A decade of higher energy prices and the expectation that high prices will persist have encouraged policymakers to promote domestic energy production. Three growing energy industries in the United States are unconventional gas—gas located in rock formations like shale that is impractical to extract with conventional methods, wind, and corn-based ethanol. From 2000 to 2010, all three industries more than doubled their output, with most of the growth occurring in rural areas with natural gas and abundant land for wind turbines and corn fields.

ERS estimates suggest that counties where these industries expanded significantly experienced net gains in employment. These estimates were derived by comparing employment growth in counties where the energy industry expanded with growth in counties with less or no expansion, while controlling for other potential differences between counties.

Natural gas contributed the most to short-term employment growth in these counties, while the wind and ethanol industries had much smaller effects. Gas development created 1,780 jobs in the average study county that experienced a large expansion in production, representing a 12-percent increase in employment over the 8-year study period. The corresponding effects for wind and ethanol were 59 and 82 jobs, which translate into 0.6 and 0.9 percent employment increases, respectively.

The larger employment effects for the natural gas industry primarily reflect the scale of the industry’s expansion as measured by the value of production. Over the study period, the value of natural gas production in the average gas county was $757 million − more than five times the estimated increases for the average wind or ethanol county.

Average employment effects for study counties experiencing energy industry expansion
Industry Industry growth in the average county ($ million) Average total jobs created Percent of base year employment Mean change in total employment from any source
Natural gas 757 1,780 12 3,199
Wind 30 59 0.6 3,047
Ethanol 139 82 0.9 254
Notes: The natural gas employment effects reflect the outcomes of 61 counties in Texas, Wyoming, and Colorado that experienced substantial increases in gas production in the study region and period. Similarly, the effects for wind reflect 128 counties with installed wind power capacity; for ethanol, the effects are for 46 counties that received a single ethanol plant.
Source: USDA, Economic Research Service.

Another way to look at the impact of energy development on jobs is to compare the employment growth associated with development to overall employment growth.
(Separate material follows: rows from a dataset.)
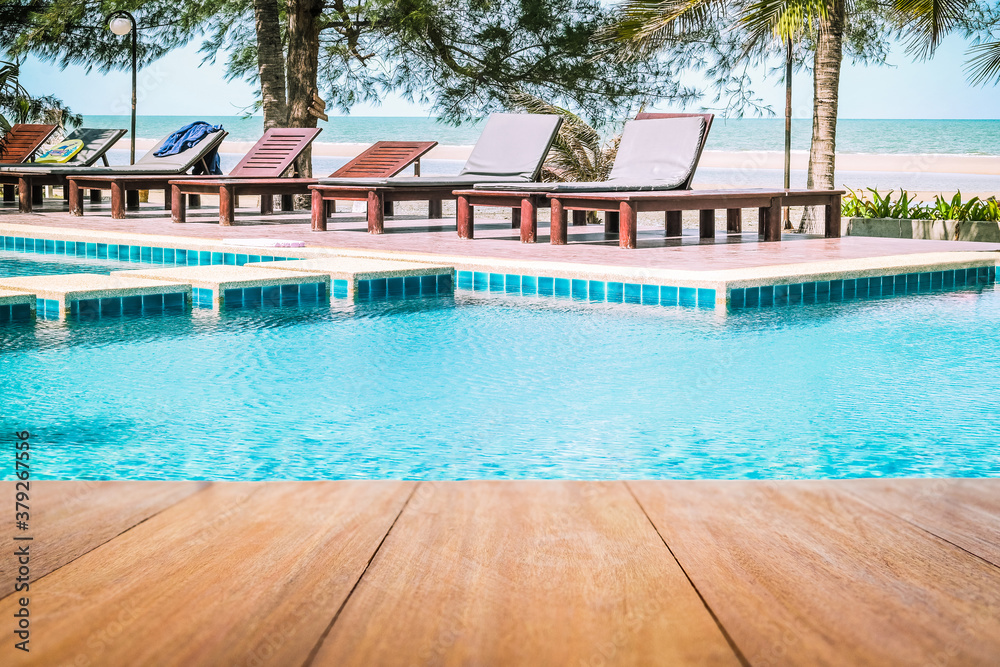 Image of wood table in front of a swimming pool background. Brown wooden desk empty counter in front of the poolside on beautiful beach resort and outdoor spa vacation day.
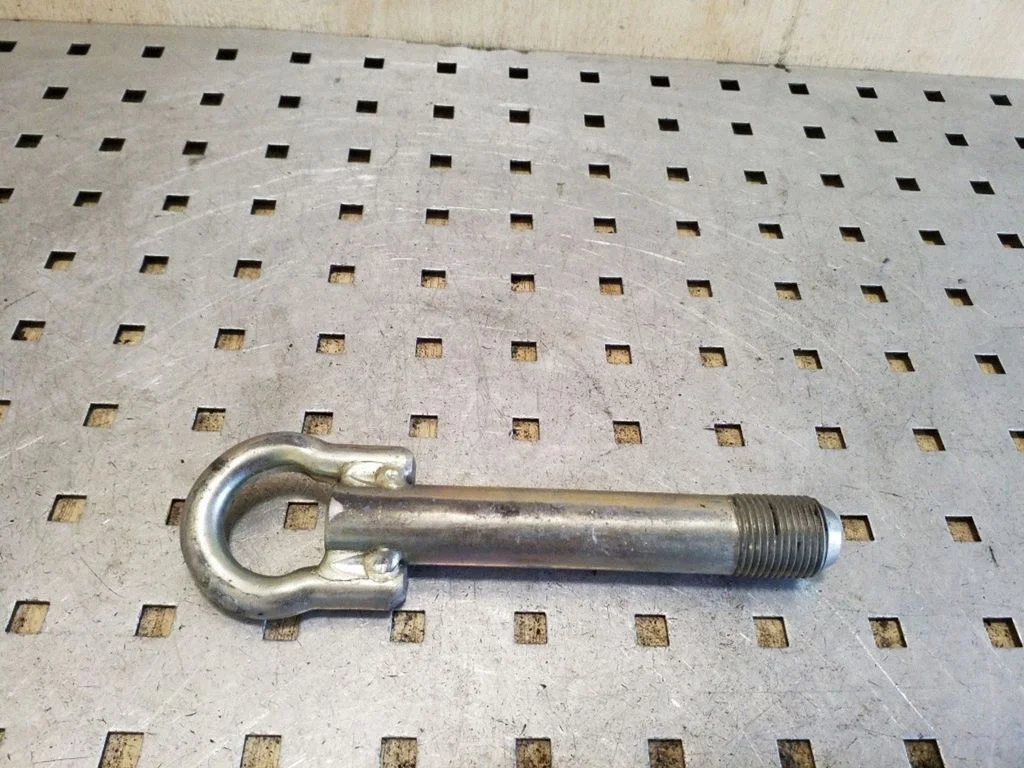 Towing hook eye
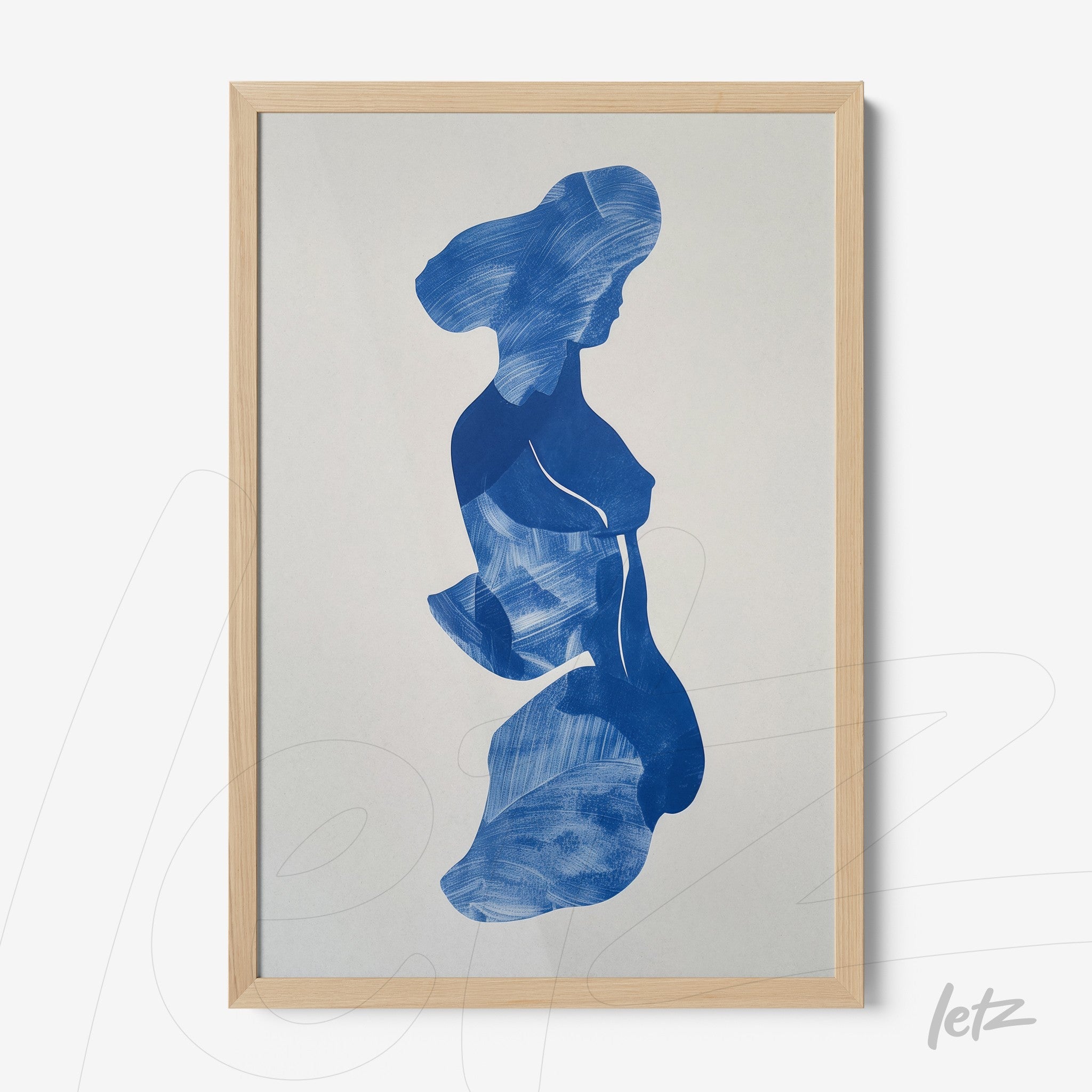 framed artwork featuring an abstract blue silhouette of a female figure on a light background with a light wood frame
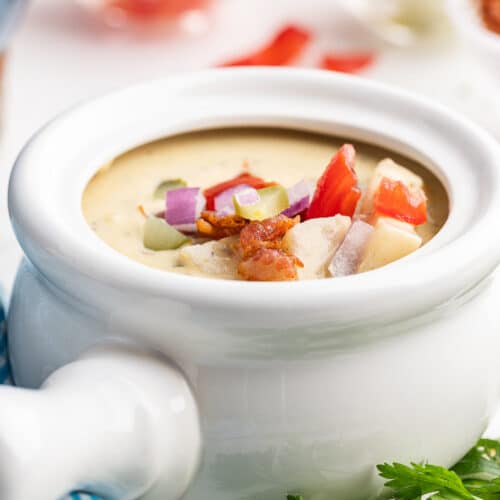 Image shows a small white crock with a handle full of Keto Cheeseburger Soup topped with crispy bacon and chopped tomato, red onion, and pickles.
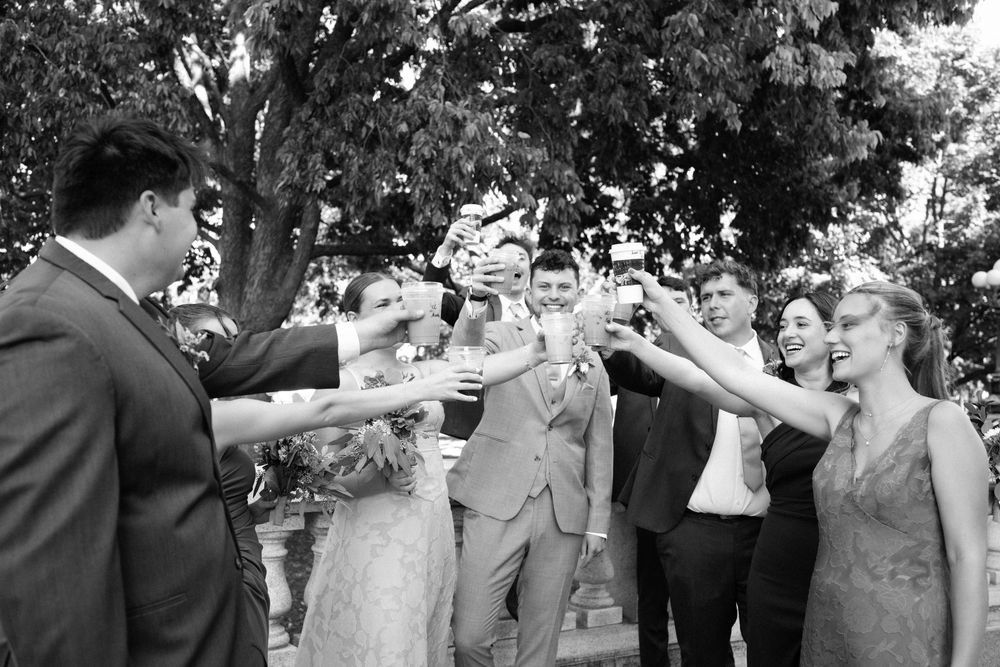 Wedding party celebrates outdoors with joyful expressions and raised arms.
For counties with natural gas development and those with wind development, the total change in employment from any source over the study period was roughly 3,000 jobs per county. Counties with an ethanol plant saw smaller changes on average, at 254 jobs per county. Relative to the total change in employment over the period, the employment effect associated with natural gas development (1,780) was about half of the total change; for wind, it was roughly 2 percent. Because of the smaller total change in employment for ethanol counties, the employment effect of the typical ethanol plant, at 82 jobs, accounted for about a third of the total employment growth in the typical ethanol plant county.

How Were Employment Effects Estimated?

ERS economists used empirical approaches to estimate causal effects based on a model of what would have happened in a county if expansion of the energy industry in question had never occurred. This approach contrasts with most existing studies, which have used an input-output model approach to simulating employment and income impacts. When used appropriately, input-output and other simulation models can provide realistic projections of the economic activity supported by expansion of an industry. After expansion has occurred, empirical studies such as the ones of emerging energy industries can provide reliable estimates of the economic impact to local economies because they can observe actual changes in employment.
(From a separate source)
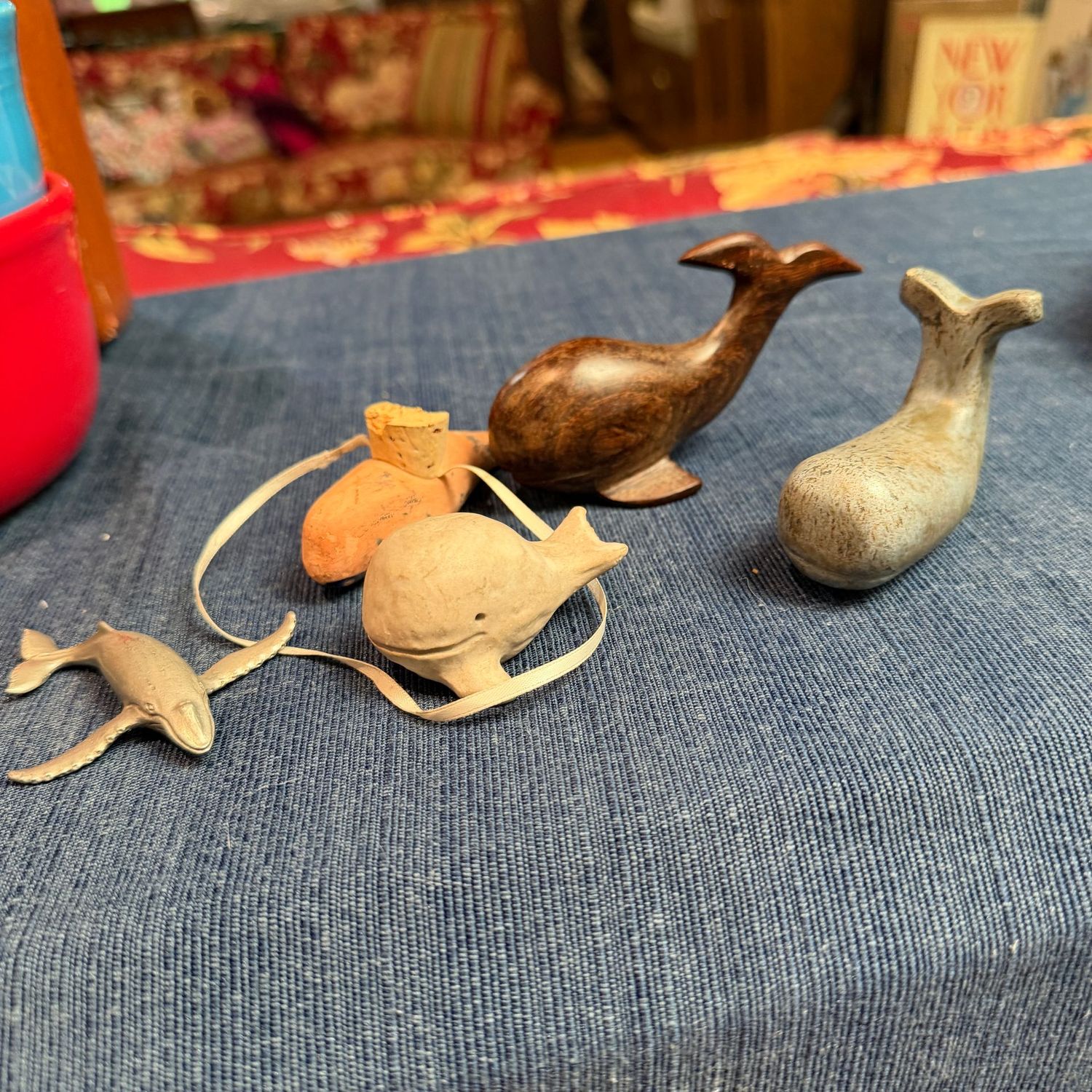 Grouping of small whales, stone, ceramic, wood, and pewter 2-3"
The empirical estimates consider all jobs created, including those created from spending in the local economy by industry-related employees and jobs in the industry or those linked to it (e.g., jobs in natural gas companies and jobs in companies that manufacture pipeline materials). The estimates also allow the expansion of the energy industry to cause other industries or sectors to contract.
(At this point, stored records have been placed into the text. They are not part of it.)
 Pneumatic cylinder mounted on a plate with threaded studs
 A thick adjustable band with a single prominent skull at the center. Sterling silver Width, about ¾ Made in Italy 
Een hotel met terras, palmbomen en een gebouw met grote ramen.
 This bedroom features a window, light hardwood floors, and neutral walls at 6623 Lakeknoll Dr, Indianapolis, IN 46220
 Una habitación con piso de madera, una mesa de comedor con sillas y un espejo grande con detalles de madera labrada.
The industry-specific studies employed a combination of statistical techniques, all with the same empirical thrust. They compare the growth in counties where the energy industry expanded with the growth in counties with less or no expansion, while controlling for other potential differences between counties. All of them considered changes in employment from the early 2000s through the mid-00s. In the case of natural gas, counties that experienced a large increase in natural gas production in Texas, Colorado, and Wyoming were compared with counties in the same States that did not experience such an increase or were adjacent to counties that did. The wind analysis directly estimated the relationship between changes in installed wind capacity and employment and income for counties in a 12-State region comprised of States in the Great Plains and Midwest that together accounted for most of the increase in wind capacity in the 2000s. The ethanol study considered a similar 12-State region and compared counties with an ethanol plant to similar counties without a plant.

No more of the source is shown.